Larry got up to answer the door, and we weren’t expecting anyone, but as he passed the dining room table, there was a gift on the table wrapped in white paper with a white bow. He instinctively knew that whoever was at the door was there to get that gift, so he picked it up, answered the door, and gave the person the gift. Closed the door, turned around, came back, sat down, and the doorbell rang again. Well, on the table, there were two more gifts and he answered the door and gave them the gifts, and every time he’d come back and sit down, there would be more gifts, and pretty soon they were coming through that skylight and filling the room, and there were so many gifts that as we gave them away, we got more and more until we couldn’t even handle them.
The room was full and he related that to the lesson of giving tithing, that once you tithe, your life becomes abundant in whatever you’re looking for, whether it’s wealth or piece of mind or contentment or service or whatever it is that’s important to you, you’re entitled to the blessings that you’re looking for. Now, we were not looking for wealth. We were looking for peace of mind and being able to handle our lives in a way that we could live satisfying lives. We were having many decisions to make.
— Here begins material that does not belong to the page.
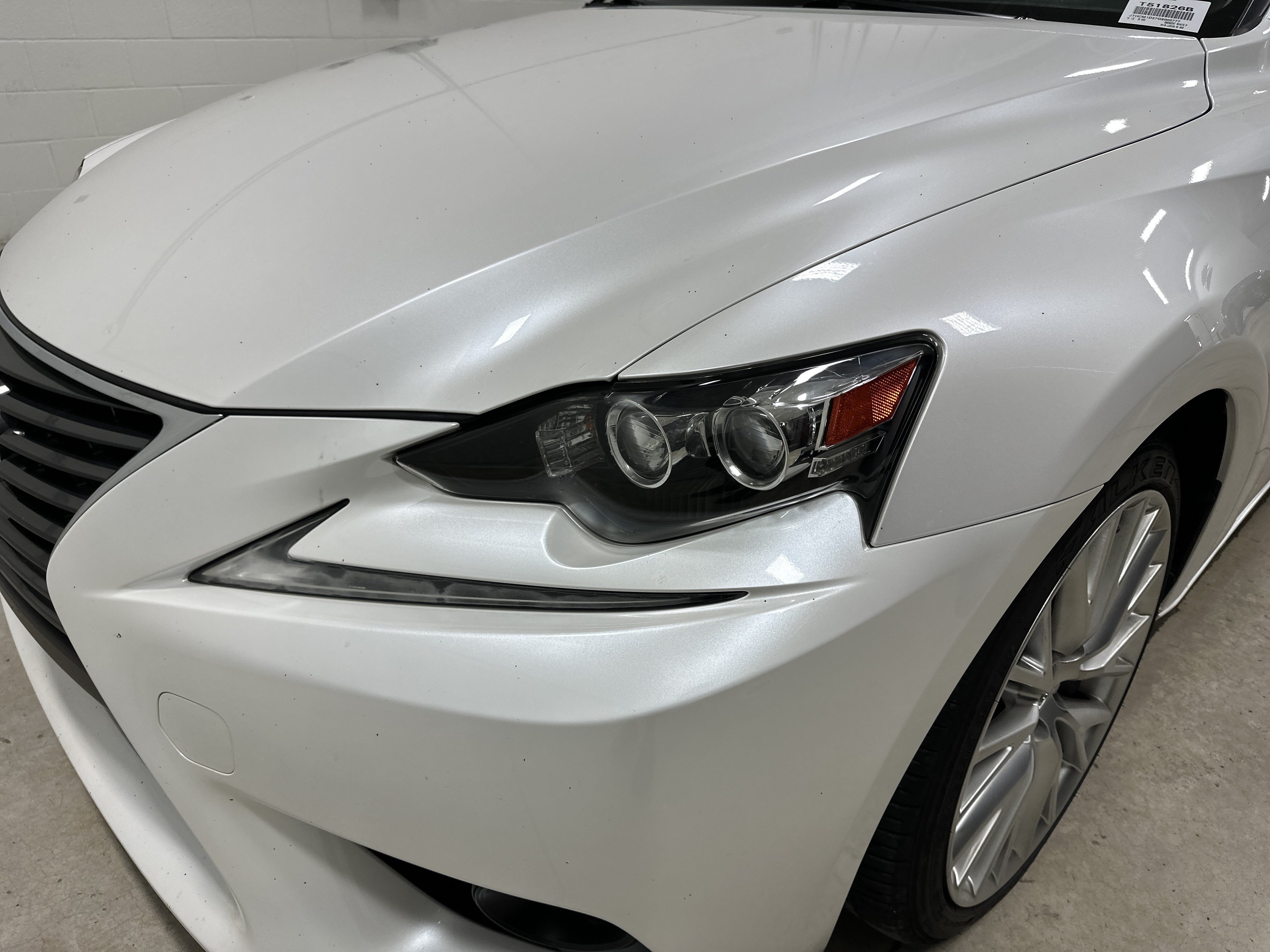 Used 2016 Lexus IS 300 AWD w/ Premium Package image 6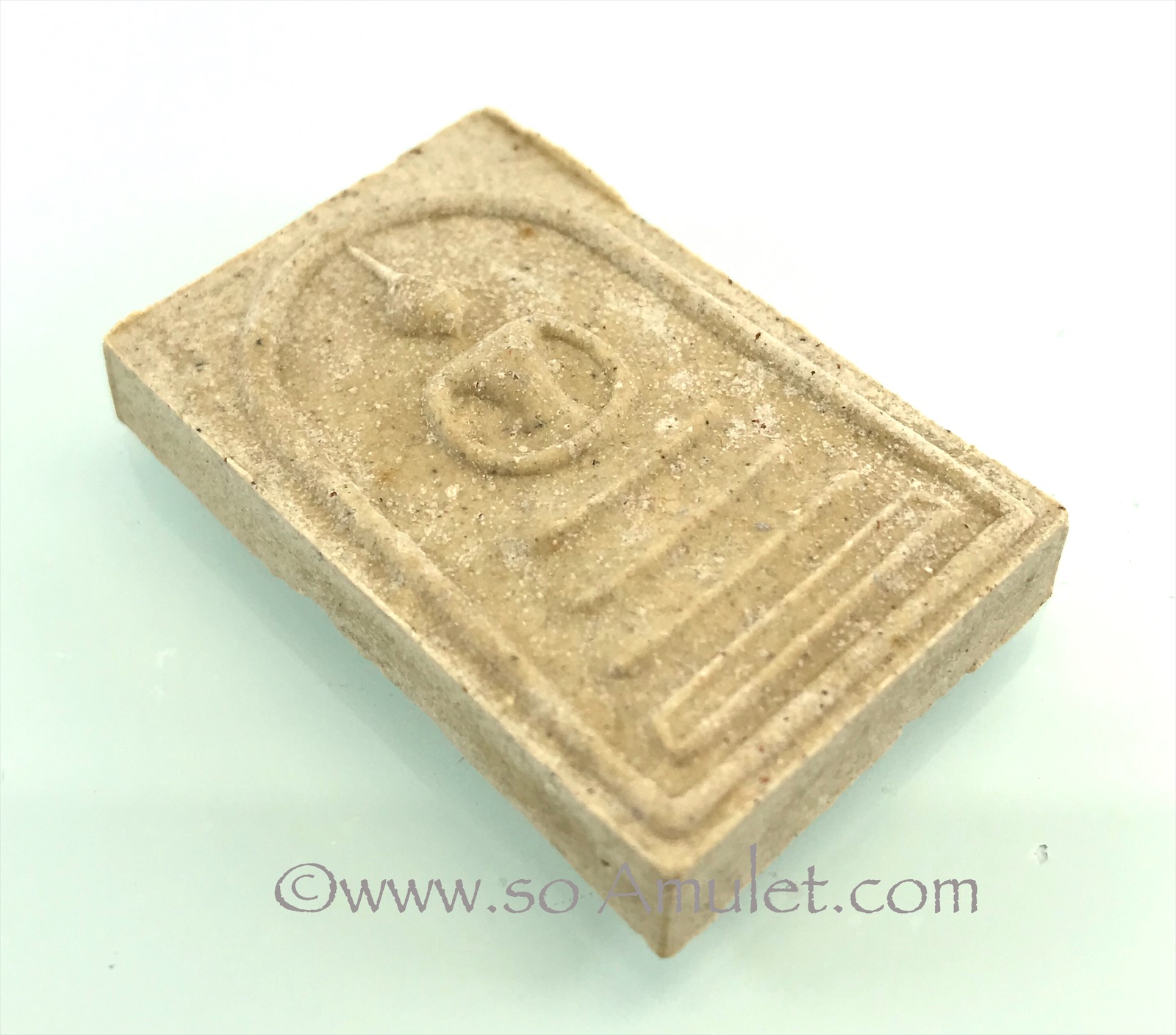 พระสมเด็จเกตุมงคล รุ่น ชินบัญชร หลังปั๊มยันต์หมึกแดง พุทธาภิเษก วัดสุทัศนเทพวรารามและวัดระฆังโฆสิตาราม ปี พ.ศ.2539 พร้อมกล่องเดิม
We were having problems, some with each other, some with our children, challenges at work, and so tithing became the answer. This was a message to us that if you tithe, you will have answers to your needs, answers to the questions you’re looking for, and it was a symbol of your life will become so rich in the ways you’re looking for that you won’t be able to handle it.
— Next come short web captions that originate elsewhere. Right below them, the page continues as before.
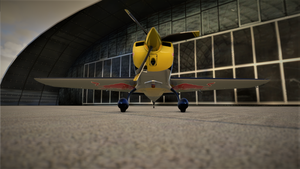 Extra 300S - Red Bull Airrace Livery HA-RED [8K-UHD] (Péter Besenyei Livery) 2021 thumbnail 4
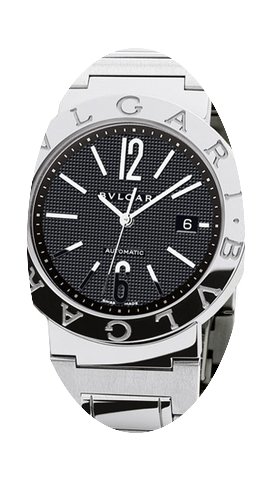 Bulgari Automatic 38mm Mens Watch...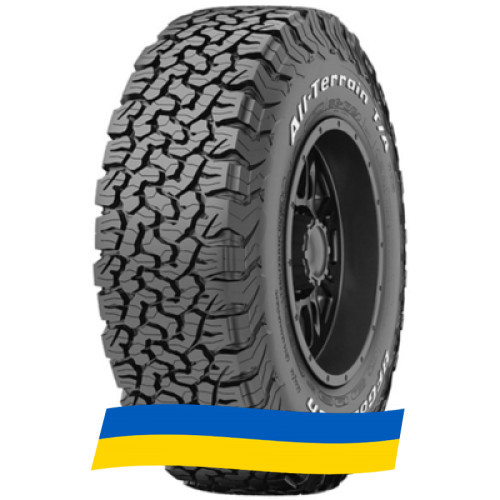 245/70 R17 BFGoodrich All-Terrain T/A KO2 119/116S Позашляхова шина Київ - зображення 4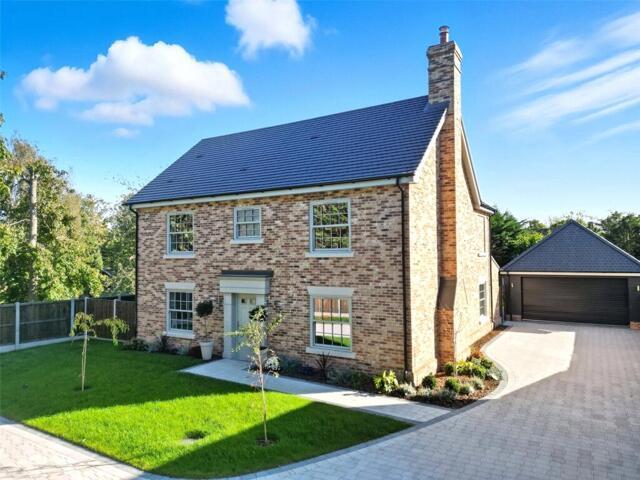 House for sale in Layer-de-la-Haye, Fordham Heath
Now, I hate to relate that as that’s why we’re wealthy, because I don’t believe it is. We’re wealthy because we’re good stewards of the wealth that we have, and we don’t keep it all to ourself. We use it in a philanthropic way. Those two things didn’t come together at the same time, but we realized that what we had really didn’t belong to us. It was like a tithing. We were given responsibility for that 90% that Heavenly Father allowed us to keep, had to learn to do good things with it, and it wasn’t immediately that we connected the two. I remember there was a time Larry came to me and he said, “We have worked so hard and so long and done so much to shore up the company so that it’s financially stable.” We had put all our money back into it. We had lived frugal lives. That’s when you said, “We don’t have money for that.” We were doing other things with our money.
Bryan: Every last quarter.
Gail: Yes.
Bryan: Truly.
Gail: There came a point where Larry said, “Okay. We now can start taking some of the excess money and use it to do good things with.” Not for ourself, but for others who needed help, and as we did that, we became more and more successful. More business came our way. More opportunities came our way, and so in my mind, the two are very much connected, that the more you give away, the more you get.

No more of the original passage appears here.